A Day of Unimaginable Loss: A Family Torn Apart by Tragedy
Vinod Kumar was away from home on Tuesday, as he often is, traveling in search of masonry work. Then came the call that would shatter his world.
In one devastating moment, he learned that all the women in his family — spanning three generations — had perished in a deadly stampede.
The tragedy unfolded during a massive gathering led by a spiritual guru, where panic turned fatal. Among the 121 lives lost that day were Mr. Kumar’s wife, 42-year-old Raj Kumari, his 9-year-old daughter Bhumi, and his elderly mother, Jaimanti.
For the rest of the day, Mr. Kumar and his three sons combed through hospitals, desperately searching through rows of bodies. It wasn’t until close to midnight, at the government hospital in Hathras, that they found Raj Kumari and Bhumi — their lifeless bodies laid out on slabs of ice among countless others in a dim corridor.
Overcome with anguish, Mr. Kumar broke down at his wife’s feet.
“Why did you leave me like this?” he cried. “Who will scold the children now, and push them to go to school?”
But grief had to wait. His mother’s body was still missing. He gently lifted Bhumi for one last embrace — she wore a yellow top, her ponytail tied with a pink band.

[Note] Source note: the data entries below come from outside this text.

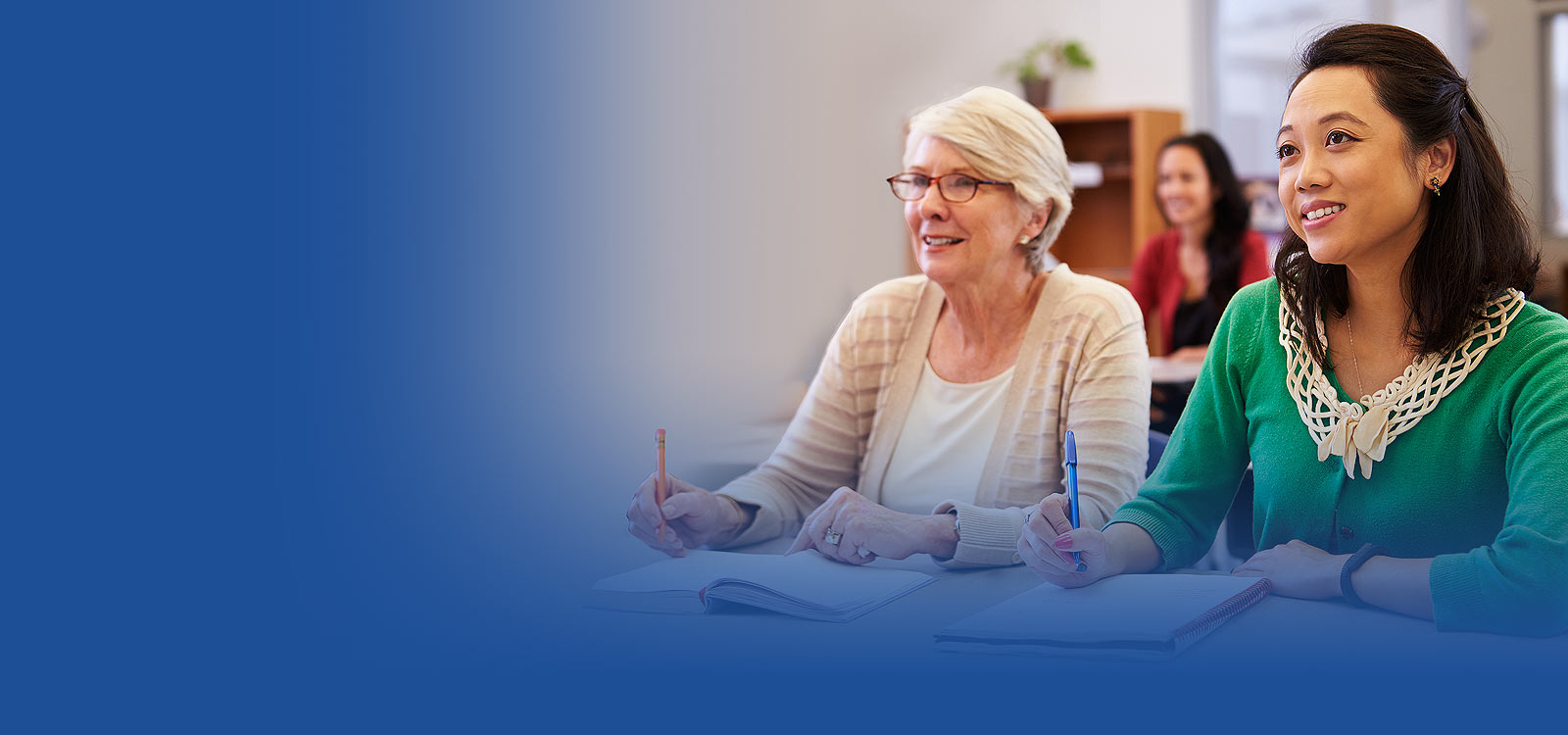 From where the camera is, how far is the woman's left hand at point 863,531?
56.1 inches

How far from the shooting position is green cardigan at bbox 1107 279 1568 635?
3.59 feet

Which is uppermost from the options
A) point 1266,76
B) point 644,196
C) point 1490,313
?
point 1266,76

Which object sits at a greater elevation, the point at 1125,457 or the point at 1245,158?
the point at 1245,158

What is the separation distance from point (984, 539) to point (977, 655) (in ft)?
1.23

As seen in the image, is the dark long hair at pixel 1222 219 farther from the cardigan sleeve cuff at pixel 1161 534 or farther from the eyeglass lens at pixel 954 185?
the cardigan sleeve cuff at pixel 1161 534

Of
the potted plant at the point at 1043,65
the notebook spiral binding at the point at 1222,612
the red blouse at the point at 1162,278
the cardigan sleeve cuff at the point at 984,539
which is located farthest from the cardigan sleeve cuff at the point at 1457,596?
the potted plant at the point at 1043,65

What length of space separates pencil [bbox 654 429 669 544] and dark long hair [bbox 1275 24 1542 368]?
799 millimetres

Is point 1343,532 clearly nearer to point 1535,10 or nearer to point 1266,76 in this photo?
point 1266,76

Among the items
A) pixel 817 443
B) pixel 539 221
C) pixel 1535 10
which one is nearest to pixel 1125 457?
pixel 817 443

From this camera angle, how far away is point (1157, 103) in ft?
20.4

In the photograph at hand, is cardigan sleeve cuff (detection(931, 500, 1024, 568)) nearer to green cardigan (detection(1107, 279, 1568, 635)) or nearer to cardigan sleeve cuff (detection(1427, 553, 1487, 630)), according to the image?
green cardigan (detection(1107, 279, 1568, 635))

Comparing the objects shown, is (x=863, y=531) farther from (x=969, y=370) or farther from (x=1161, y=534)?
(x=969, y=370)

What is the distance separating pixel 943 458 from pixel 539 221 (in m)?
2.18

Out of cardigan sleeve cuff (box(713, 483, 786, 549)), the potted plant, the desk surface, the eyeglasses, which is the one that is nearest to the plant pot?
the potted plant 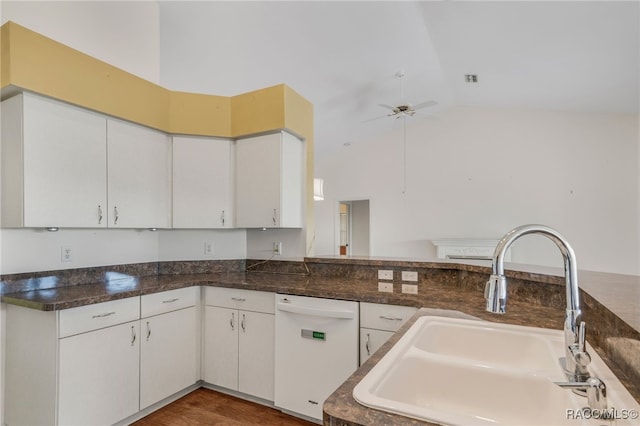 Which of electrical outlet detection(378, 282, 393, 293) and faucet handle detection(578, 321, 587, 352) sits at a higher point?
faucet handle detection(578, 321, 587, 352)

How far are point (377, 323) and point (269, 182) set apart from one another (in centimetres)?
145

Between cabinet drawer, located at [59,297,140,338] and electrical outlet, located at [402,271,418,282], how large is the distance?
6.01ft

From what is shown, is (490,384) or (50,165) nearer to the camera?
(490,384)

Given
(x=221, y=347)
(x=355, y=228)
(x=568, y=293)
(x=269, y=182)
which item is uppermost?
(x=269, y=182)

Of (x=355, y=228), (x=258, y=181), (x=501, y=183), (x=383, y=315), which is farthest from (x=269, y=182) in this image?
(x=355, y=228)

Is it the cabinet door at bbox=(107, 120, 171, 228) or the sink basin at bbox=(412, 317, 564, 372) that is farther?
the cabinet door at bbox=(107, 120, 171, 228)

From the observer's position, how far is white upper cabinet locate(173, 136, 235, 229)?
2820 millimetres

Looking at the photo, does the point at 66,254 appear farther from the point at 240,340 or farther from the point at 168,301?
the point at 240,340

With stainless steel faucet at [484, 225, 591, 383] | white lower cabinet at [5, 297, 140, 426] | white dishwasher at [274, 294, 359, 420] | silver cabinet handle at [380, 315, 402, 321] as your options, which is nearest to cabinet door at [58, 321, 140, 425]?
white lower cabinet at [5, 297, 140, 426]

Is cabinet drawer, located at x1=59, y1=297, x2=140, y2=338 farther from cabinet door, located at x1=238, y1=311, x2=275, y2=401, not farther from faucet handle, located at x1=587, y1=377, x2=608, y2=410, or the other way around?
faucet handle, located at x1=587, y1=377, x2=608, y2=410

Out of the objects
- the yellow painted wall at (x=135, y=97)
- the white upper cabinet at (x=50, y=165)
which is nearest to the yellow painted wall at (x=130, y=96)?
the yellow painted wall at (x=135, y=97)

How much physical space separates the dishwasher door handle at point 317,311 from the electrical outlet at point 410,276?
57 cm

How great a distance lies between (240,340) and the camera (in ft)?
7.95

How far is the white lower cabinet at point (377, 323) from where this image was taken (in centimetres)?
189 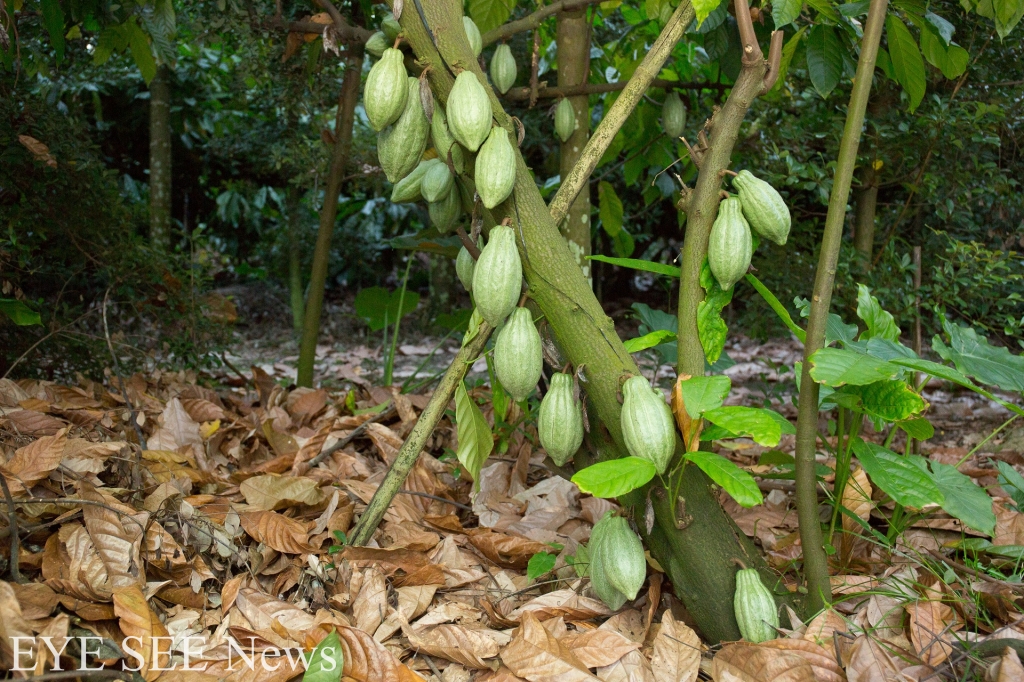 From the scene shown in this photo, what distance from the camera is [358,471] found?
185 centimetres

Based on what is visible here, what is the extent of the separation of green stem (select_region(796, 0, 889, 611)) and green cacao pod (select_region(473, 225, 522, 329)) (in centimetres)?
44

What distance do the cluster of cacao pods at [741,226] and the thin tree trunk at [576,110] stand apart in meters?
0.80

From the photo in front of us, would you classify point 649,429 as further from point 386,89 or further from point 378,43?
point 378,43

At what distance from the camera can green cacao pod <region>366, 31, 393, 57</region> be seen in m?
1.35

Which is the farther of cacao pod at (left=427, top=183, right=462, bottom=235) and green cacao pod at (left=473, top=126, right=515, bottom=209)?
cacao pod at (left=427, top=183, right=462, bottom=235)

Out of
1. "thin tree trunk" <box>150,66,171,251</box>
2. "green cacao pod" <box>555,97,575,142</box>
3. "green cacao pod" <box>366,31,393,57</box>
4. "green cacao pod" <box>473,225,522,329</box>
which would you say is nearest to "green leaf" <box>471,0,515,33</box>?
"green cacao pod" <box>555,97,575,142</box>

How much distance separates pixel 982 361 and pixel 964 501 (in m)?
0.22

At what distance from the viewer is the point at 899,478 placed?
1.09 metres

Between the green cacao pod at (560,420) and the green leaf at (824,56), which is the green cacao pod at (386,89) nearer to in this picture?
the green cacao pod at (560,420)

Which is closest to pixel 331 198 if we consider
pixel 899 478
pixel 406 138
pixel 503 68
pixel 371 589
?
pixel 503 68

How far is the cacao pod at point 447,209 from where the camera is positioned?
4.55 ft

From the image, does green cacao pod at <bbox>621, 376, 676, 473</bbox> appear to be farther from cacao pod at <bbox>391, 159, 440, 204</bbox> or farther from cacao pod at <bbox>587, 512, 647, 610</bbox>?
cacao pod at <bbox>391, 159, 440, 204</bbox>

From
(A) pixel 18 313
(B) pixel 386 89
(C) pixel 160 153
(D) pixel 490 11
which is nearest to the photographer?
(B) pixel 386 89

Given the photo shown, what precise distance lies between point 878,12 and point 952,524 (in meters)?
1.03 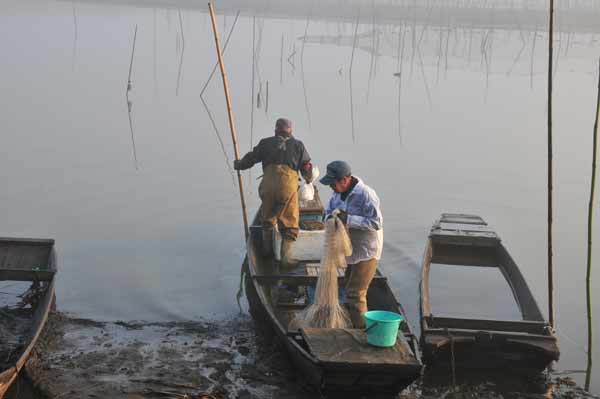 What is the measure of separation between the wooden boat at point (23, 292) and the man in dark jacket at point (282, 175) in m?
2.36

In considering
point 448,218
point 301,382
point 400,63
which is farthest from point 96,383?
point 400,63

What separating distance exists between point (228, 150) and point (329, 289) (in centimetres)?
904

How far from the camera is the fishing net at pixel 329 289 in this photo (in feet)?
21.3

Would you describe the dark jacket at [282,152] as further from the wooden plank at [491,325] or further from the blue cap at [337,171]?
the wooden plank at [491,325]

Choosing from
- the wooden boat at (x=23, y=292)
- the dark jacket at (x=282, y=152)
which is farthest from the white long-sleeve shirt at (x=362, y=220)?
the wooden boat at (x=23, y=292)

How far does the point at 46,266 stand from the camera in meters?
7.94

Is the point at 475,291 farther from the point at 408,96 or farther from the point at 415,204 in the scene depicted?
the point at 408,96

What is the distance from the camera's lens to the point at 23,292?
27.5ft

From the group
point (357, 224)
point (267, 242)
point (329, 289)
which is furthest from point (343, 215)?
point (267, 242)

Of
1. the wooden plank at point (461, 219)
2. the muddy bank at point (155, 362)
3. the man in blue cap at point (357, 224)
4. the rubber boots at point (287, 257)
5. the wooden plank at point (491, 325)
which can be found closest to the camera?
the muddy bank at point (155, 362)

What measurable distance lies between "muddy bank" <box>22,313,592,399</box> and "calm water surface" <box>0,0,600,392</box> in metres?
0.71

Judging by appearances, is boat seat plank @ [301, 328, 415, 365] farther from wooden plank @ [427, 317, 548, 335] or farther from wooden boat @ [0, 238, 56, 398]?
wooden boat @ [0, 238, 56, 398]

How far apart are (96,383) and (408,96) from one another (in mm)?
16452

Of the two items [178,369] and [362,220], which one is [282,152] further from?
[178,369]
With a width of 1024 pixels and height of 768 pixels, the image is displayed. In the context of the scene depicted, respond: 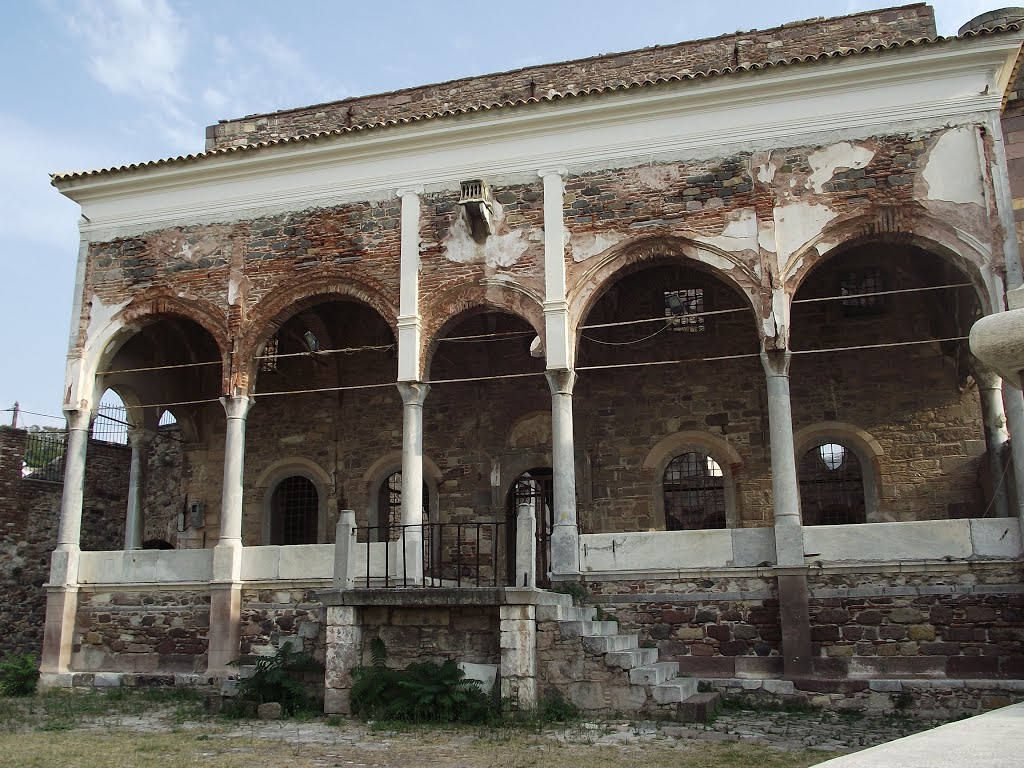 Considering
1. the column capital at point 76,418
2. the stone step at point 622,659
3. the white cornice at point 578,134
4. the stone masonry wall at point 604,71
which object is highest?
the stone masonry wall at point 604,71

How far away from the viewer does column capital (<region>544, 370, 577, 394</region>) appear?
1248cm

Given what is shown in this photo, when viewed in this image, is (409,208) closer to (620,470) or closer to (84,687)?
(620,470)

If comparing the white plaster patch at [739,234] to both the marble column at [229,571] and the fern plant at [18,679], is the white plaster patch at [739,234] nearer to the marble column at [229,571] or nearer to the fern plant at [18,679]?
the marble column at [229,571]

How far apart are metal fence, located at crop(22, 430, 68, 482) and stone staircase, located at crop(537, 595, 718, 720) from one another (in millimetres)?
12494

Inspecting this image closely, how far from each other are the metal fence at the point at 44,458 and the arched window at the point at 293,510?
179 inches

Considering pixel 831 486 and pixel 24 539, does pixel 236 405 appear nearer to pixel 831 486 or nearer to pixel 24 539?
pixel 24 539

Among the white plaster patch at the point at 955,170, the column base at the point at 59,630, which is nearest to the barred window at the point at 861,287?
the white plaster patch at the point at 955,170

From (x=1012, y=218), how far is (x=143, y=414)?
13.5 m

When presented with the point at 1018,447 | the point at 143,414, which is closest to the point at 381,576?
the point at 143,414

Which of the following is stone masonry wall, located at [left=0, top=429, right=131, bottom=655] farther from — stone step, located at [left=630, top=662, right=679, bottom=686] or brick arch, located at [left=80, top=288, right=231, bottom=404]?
stone step, located at [left=630, top=662, right=679, bottom=686]

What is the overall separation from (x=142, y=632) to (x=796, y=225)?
10395 mm

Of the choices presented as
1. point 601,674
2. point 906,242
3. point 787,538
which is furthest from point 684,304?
point 601,674

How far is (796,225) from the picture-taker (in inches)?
476

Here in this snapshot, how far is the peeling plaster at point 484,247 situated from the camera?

“Let her sleep,” whispered Nitin, his eldest son, softly taking her from his father’s arms and placing her back on the slab. The search had to continue.
“I don’t know when I’ll find my mother’s body,” Mr. Kumar said. “I want to do their last rites together.”
Jaimanti, the family matriarch, had been a devoted follower of the guru — Suraj Pal, a former police officer turned spiritual leader, now known as Narayan Sakar Hari or Bhole Baba. His teachings resonated deeply with families like the Kumars — those pushed to the margins by poverty and India’s rigid caste system.
Now, that devotion had cost them everything.